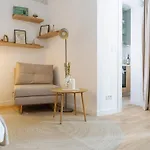 Διαμέρισμα Lunaria Near National Arena & Mega Mall Βουκουρέστι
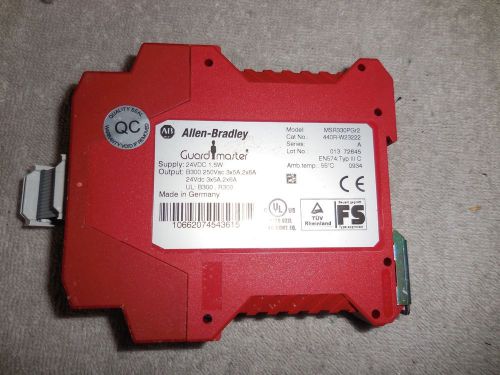 ALLEN BRADLEY MSR330PGr2 GuardMaster Safety Relay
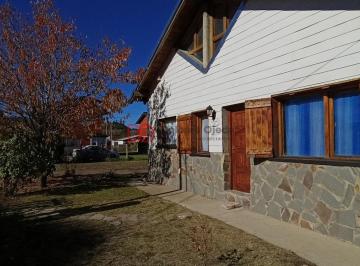 Casa · 99m² · 5 Ambientes · 2 Cocheras · Dina Huapi 3 Dorm.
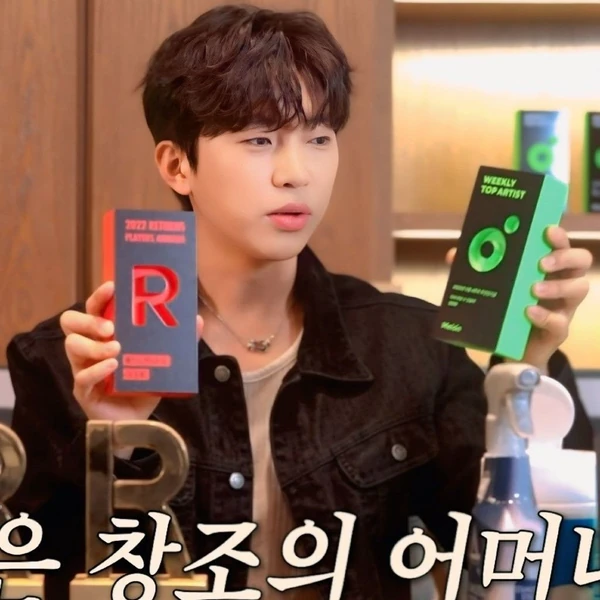 充满粉丝爱意的林英雄人气照片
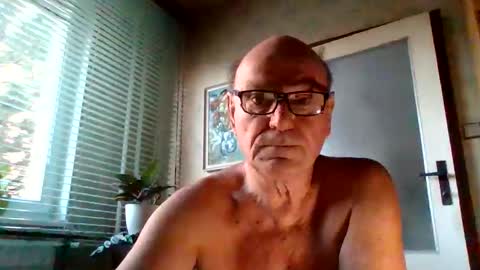 Adam online show from November 2025 06:01:01 AM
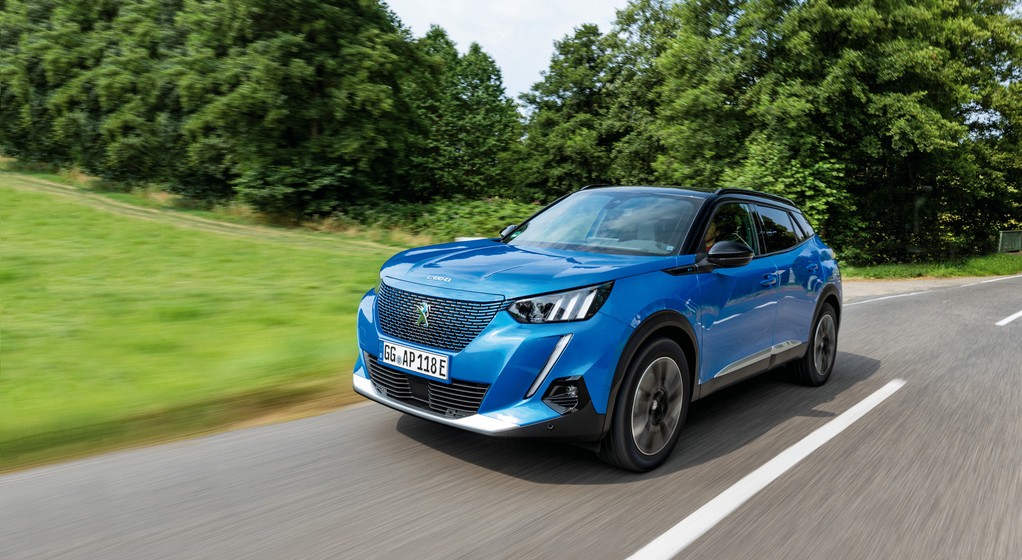 Peugeot e-2008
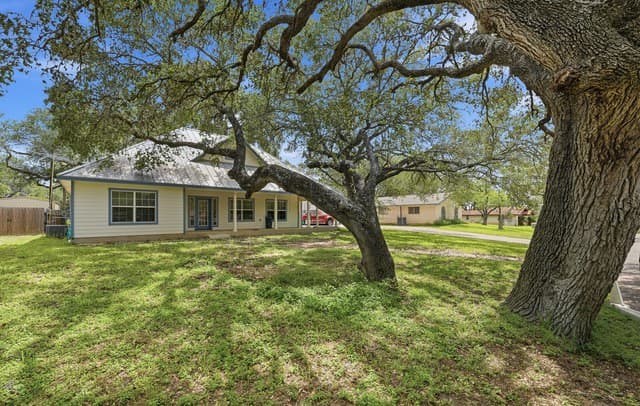 Home for sale at 325 Sollock in Devine, TX — photo 2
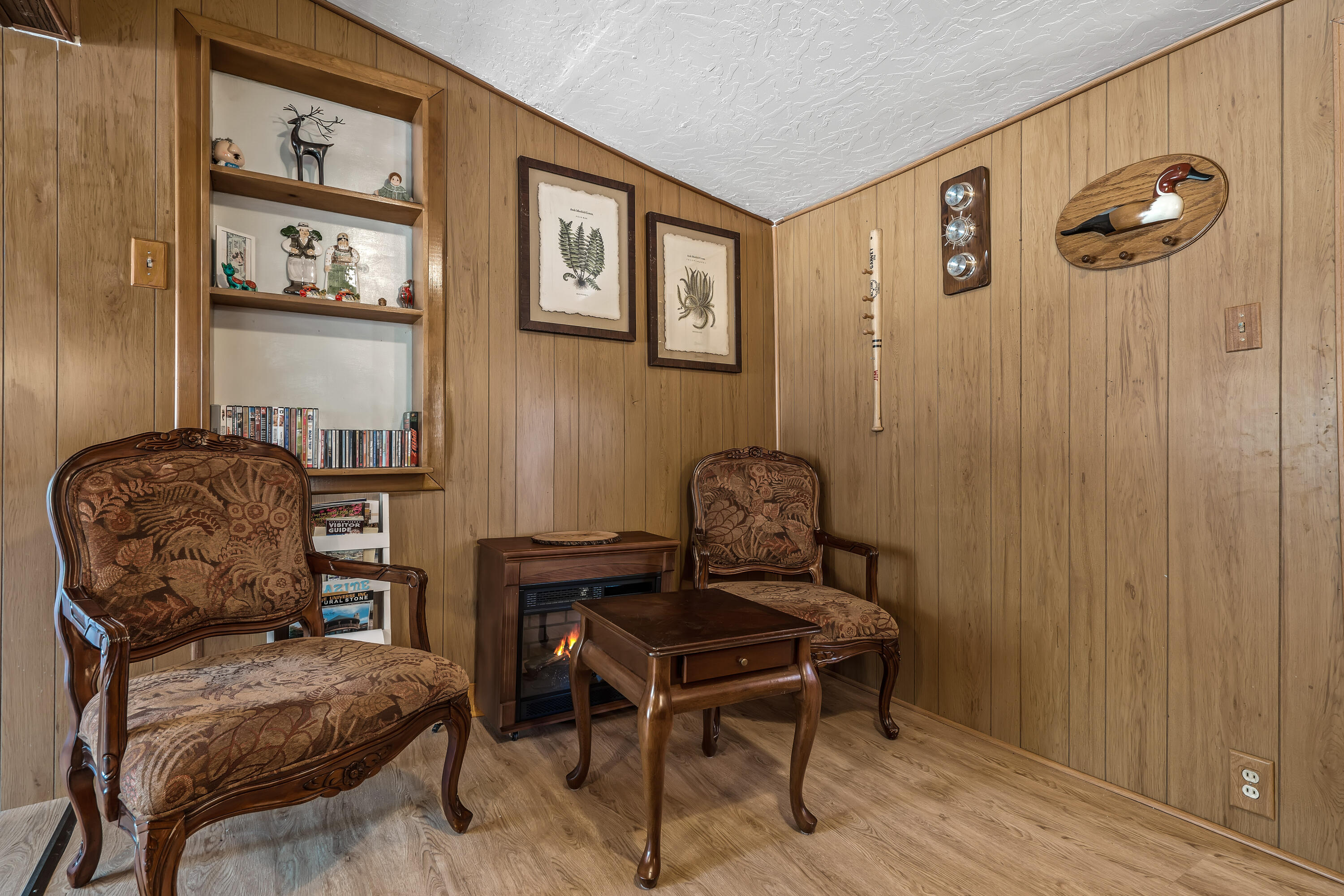 23061 Banning Idyllwild Road Idyllwild, CA 92549 - Photo 13 of 46 a living room with furniture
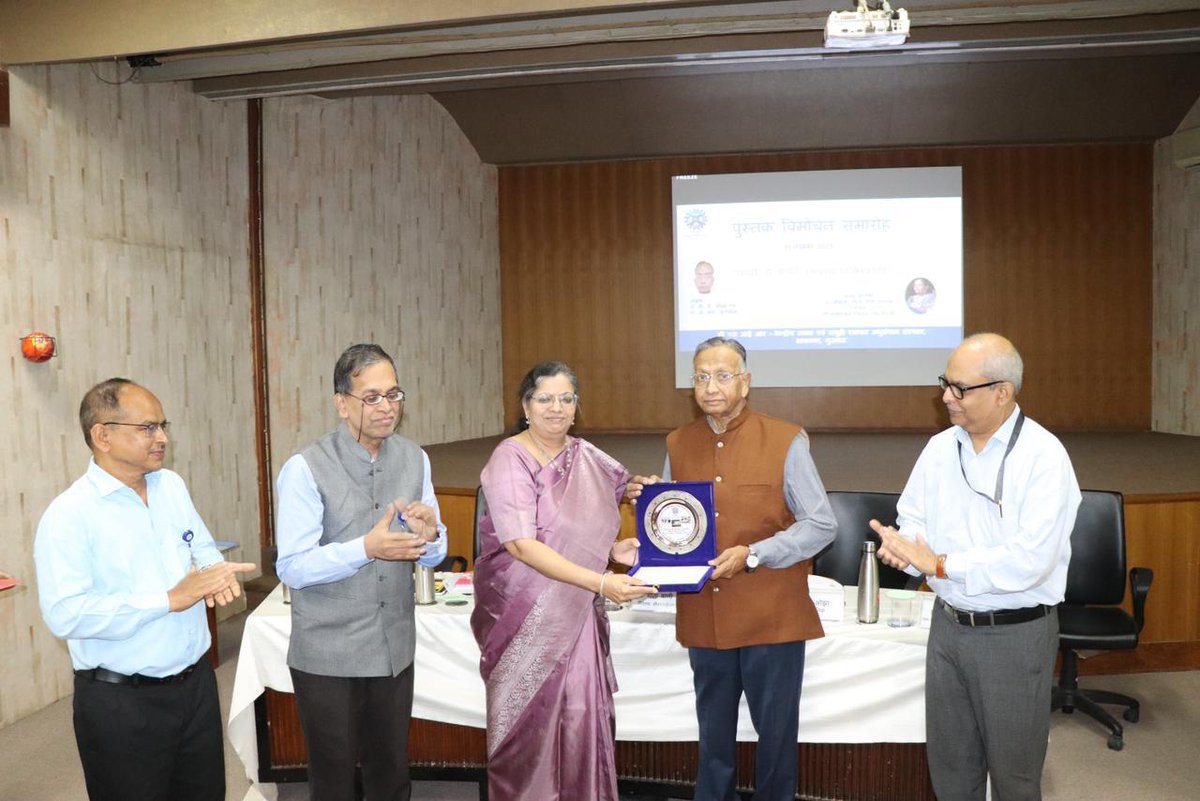 CSIR_NIScPR's tweet image. 📘 पुस्तक विमोचन समारोह ‘कचरे से कंचन’
@CSIRCSMCRI1 में हिंदी पुस्तक ‘कचरे से कंचन’ का लोकार्पण, जिसमें अपशिष्ट प्रबंधन, नवाचार और सस्टेनेबल तकनीकों के विविध समाधान प्रस्तुत किए गए हैं।

इस पुस्तक के लेखक डॉ. डी.डी. ओझा व डॉ. जे. आर. चुनावाला हैं। यह पुस्तक कचरे को संसाधन में…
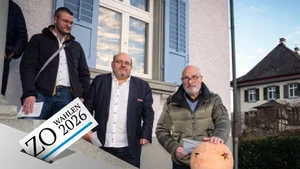 13283163-8 Pascal Bassu (SP) bleibt als jetziger und neuer Stadtpräsident eine Stufe höher als sein Mitbewerber Henry Vettiger (SVP).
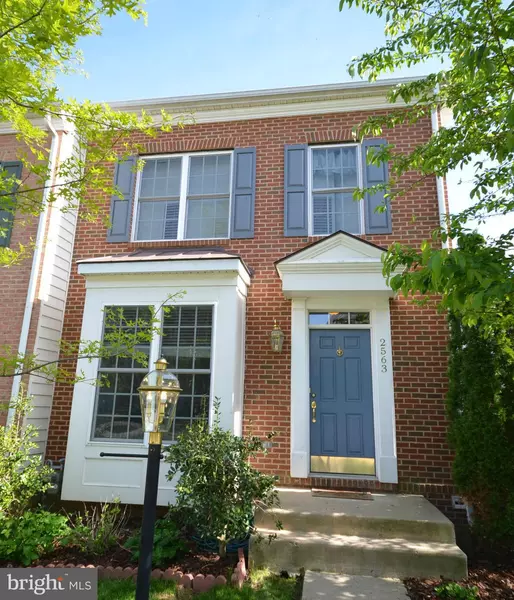 2563 OAK TREE LN, Woodbridge, VA 22191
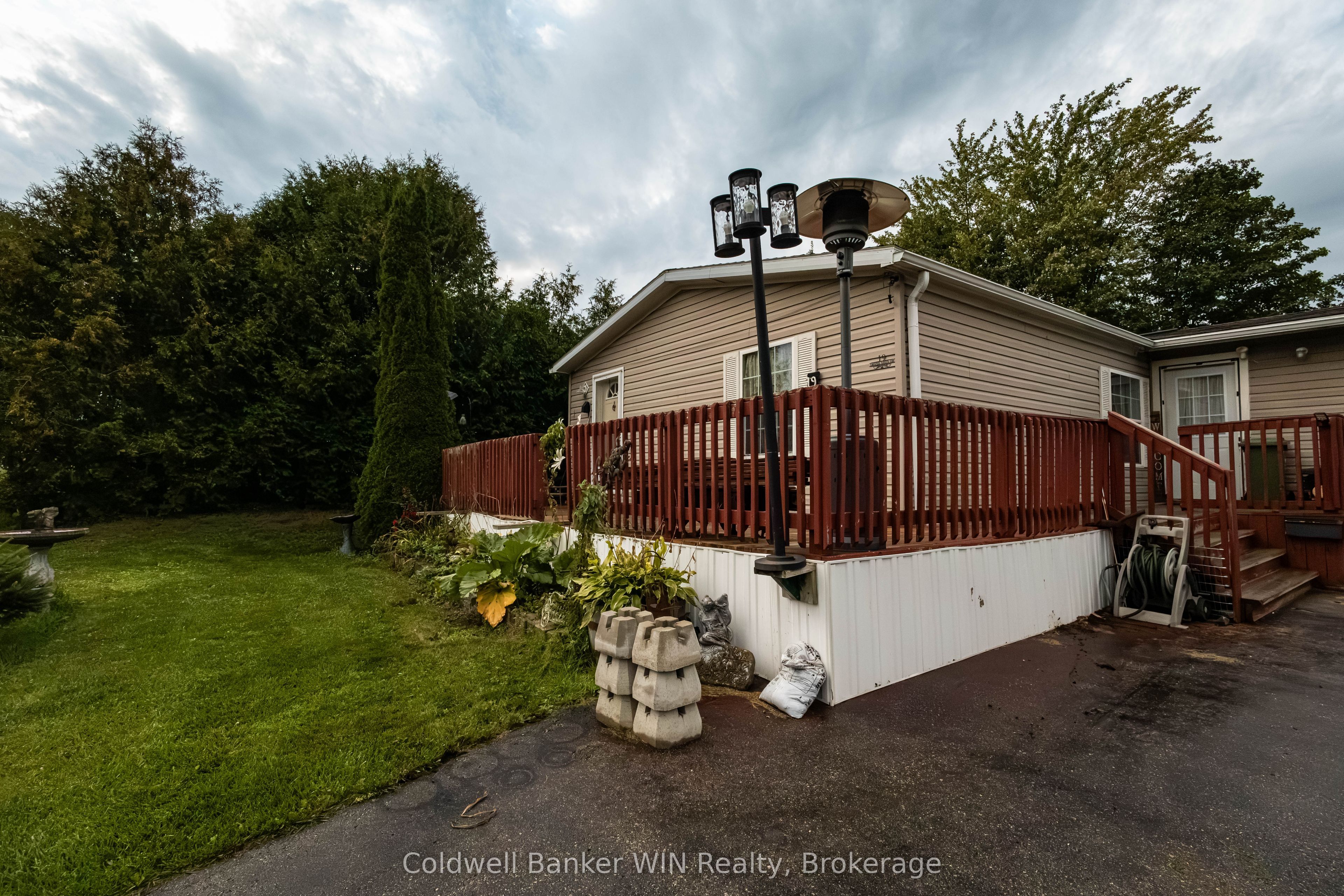 19 Grand Vista Drive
════════════════
## [Exercise instructions]
Could every entry above be printed again exactly, images excluded?

## [Finished task]
 Διαμέρισμα Lunaria Near National Arena & Mega Mall Βουκουρέστι
 ALLEN BRADLEY MSR330PGr2 GuardMaster Safety Relay
 Casa · 99m² · 5 Ambientes · 2 Cocheras · Dina Huapi 3 Dorm.
 充满粉丝爱意的林英雄人气照片
 Adam online show from November 2025 06:01:01 AM
 Peugeot e-2008
 Home for sale at 325 Sollock in Devine, TX — photo 2
 23061 Banning Idyllwild Road Idyllwild, CA 92549 - Photo 13 of 46 a living room with furniture
 CSIR_NIScPR's tweet image. 📘 पुस्तक विमोचन समारोह ‘कचरे से कंचन’
@CSIRCSMCRI1 में हिंदी पुस्तक ‘कचरे से कंचन’ का लोकार्पण, जिसमें अपशिष्ट प्रबंधन, नवाचार और सस्टेनेबल तकनीकों के विविध समाधान प्रस्तुत किए गए हैं।

इस पुस्तक के लेखक डॉ. डी.डी. ओझा व डॉ. जे. आर. चुनावाला हैं। यह पुस्तक कचरे को संसाधन में…
 13283163-8 Pascal Bassu (SP) bleibt als jetziger und neuer Stadtpräsident eine Stufe höher als sein Mitbewerber Henry Vettiger (SVP).
 2563 OAK TREE LN, Woodbridge, VA 22191
 19 Grand Vista Drive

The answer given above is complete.